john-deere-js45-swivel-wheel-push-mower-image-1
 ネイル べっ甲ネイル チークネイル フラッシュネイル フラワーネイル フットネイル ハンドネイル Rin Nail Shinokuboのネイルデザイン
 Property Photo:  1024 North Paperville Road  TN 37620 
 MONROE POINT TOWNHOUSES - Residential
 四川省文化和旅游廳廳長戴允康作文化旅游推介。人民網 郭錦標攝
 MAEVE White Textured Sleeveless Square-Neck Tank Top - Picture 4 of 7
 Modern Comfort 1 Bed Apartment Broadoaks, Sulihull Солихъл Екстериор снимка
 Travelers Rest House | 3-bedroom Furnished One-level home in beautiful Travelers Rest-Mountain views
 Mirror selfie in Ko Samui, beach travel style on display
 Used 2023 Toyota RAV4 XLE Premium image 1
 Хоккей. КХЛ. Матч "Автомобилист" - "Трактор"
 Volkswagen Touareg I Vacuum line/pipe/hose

═══

[ASSIGNMENT]
Find each line in the records holding the string "image" and show it.

[WRITTEN RESPONSE]
john-deere-js45-swivel-wheel-push-mower-image-1
 Used 2023 Toyota RAV4 XLE Premium image 1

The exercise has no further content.